The sessions will involve a mixture of examples and practicals. So please bring your laptops (ideally with Genstat 19ed already installed).

Afternoon Workshops

Workshop 3

Tools for Efficient Data Analysis Workflow and Reproducible Research

Presenter: Peter Baker, University of Queensland

Researchers and statistical consultants are drowning in data. In my early career, computer processing power and storage were limited and so we spent a considerable amount of time formulating strategies to efficiently manipulate data and focus on the analysis of relatively small data sets or subsets of larger ones. The day I started as a biometrician with NSW Agriculture, my boss told me that 80% of a biometrician’s time was spent organising and cleaning data for analysis. Given today’s powerful computing environments we might think that things would be easier but it appears that the 80% figure is still the case. Indeed, due to larger data sets and competing demands for our time, many data analysts face problems with organising their workflow. This tutorial provides a hands-on introduction to computing oriented strategies for the workflow of research data management and data analysis. The ideas presented in this tutorial follow Long’s 2009 book on the workflow of data analysis using STATA which provides a useful guide to managing the workflow for data analysis in large projects. However, Long’s approach concentrates on manual methods for implementing steps in the workflow. Efficient computing solutions are available for most steps in the process. Programming tools like GNU Make for managing workflow and regenerating output, GNU git for version control, GNU R functions and packages for repetitive tasks and finally R Markdown for producing reports directly from analyses. Generic and statistical software specific tools are presented. These tools are incorporated into hands on exercises. Keywords: Data analysis, DRY (Don’t Repeat Yourself) workflow, version control, Make, R, project management

Workshop 4

Modelling correlations between observations in agricultural and environmental sciences with ASReml-R

Presenter: Salvador Gezan, University of Florida

This ½ day workshop will concentrate on the statistical analysis of observations that present some form of temporal, genetical or spatial correlations as found on field or laboratory studies. The aim is to illustrate how to analyze this data using the framework of linear mixed models with the software ASReml-R.

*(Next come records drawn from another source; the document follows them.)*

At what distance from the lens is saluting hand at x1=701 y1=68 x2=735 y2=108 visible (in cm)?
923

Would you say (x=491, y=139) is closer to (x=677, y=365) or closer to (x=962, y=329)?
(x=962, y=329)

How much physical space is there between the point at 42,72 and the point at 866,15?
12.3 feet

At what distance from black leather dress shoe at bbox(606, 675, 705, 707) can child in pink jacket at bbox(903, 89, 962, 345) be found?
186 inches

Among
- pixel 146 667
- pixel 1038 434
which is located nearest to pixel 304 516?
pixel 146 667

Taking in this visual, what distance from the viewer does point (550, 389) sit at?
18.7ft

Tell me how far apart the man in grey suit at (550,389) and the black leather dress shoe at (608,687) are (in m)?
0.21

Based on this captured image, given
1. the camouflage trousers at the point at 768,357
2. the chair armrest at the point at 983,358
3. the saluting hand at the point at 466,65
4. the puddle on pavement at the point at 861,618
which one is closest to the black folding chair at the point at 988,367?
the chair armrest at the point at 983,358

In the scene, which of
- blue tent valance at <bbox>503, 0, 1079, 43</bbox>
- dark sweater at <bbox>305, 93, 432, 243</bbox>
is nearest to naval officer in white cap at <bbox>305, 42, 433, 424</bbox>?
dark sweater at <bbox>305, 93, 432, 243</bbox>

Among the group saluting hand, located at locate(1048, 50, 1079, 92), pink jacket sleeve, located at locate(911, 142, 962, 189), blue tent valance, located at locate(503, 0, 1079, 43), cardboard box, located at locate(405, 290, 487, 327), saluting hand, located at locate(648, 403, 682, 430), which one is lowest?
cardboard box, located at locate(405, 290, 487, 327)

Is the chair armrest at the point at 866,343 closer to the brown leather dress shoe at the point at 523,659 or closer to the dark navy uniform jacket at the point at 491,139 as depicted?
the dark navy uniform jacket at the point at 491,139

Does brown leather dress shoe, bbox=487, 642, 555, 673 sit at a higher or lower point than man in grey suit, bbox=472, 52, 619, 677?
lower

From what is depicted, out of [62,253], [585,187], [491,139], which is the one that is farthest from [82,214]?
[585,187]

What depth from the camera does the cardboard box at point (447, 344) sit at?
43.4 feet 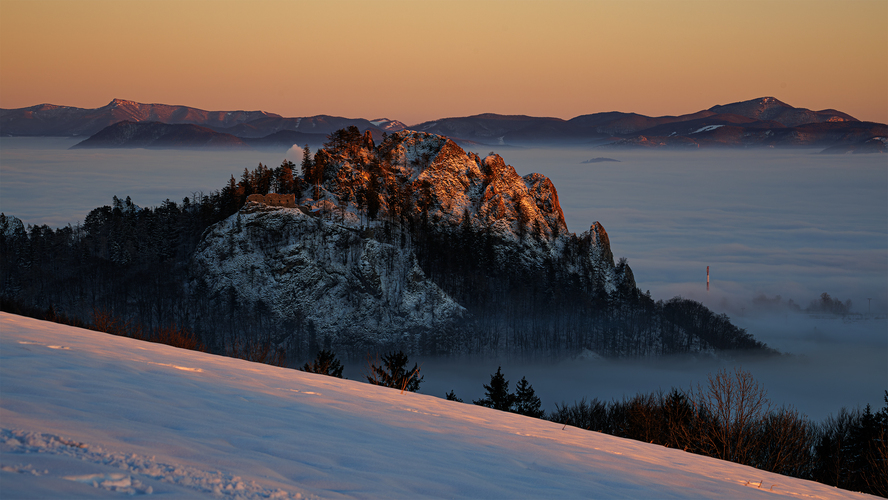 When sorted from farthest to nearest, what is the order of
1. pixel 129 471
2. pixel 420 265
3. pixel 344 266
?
1. pixel 420 265
2. pixel 344 266
3. pixel 129 471

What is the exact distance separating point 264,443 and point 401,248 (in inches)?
6073

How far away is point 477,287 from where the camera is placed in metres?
181

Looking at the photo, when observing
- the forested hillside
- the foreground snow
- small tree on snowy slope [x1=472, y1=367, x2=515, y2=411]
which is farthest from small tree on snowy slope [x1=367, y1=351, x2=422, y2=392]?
the forested hillside

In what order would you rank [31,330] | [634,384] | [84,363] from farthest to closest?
[634,384], [31,330], [84,363]

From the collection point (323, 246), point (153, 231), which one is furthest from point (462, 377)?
point (153, 231)

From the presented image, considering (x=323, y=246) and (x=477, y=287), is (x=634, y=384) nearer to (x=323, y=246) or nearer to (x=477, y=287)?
(x=477, y=287)

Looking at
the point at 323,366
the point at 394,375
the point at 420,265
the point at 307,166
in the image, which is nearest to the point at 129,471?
the point at 394,375

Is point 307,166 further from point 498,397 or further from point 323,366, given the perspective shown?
point 323,366

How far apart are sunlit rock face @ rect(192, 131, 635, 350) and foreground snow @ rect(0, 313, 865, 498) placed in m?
133

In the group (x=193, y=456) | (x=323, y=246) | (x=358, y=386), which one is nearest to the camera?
(x=193, y=456)

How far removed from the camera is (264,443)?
843cm

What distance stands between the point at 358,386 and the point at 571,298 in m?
178

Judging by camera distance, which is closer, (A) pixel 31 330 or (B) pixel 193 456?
(B) pixel 193 456

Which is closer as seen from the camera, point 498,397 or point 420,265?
point 498,397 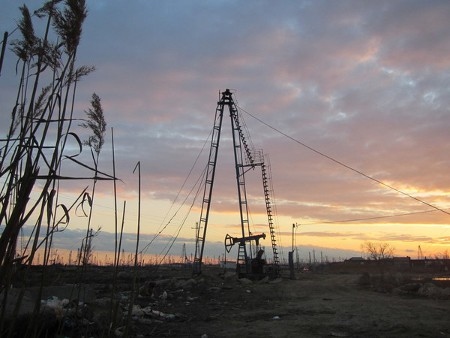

This workshop will consist on several small sessions starting with a brief introduction to the command syntax for ASReml as implemented in R, followed by topics related to repeated measures (random regression), genetic relatedness, and spatial analyses using many examples from agricultural and environmental sciences. Some theoretical aspects will be presented for the construction of the models, but the focus will be on the practical issues and interpretation of the results. All sessions will be led by Dr. Salvador Gezan.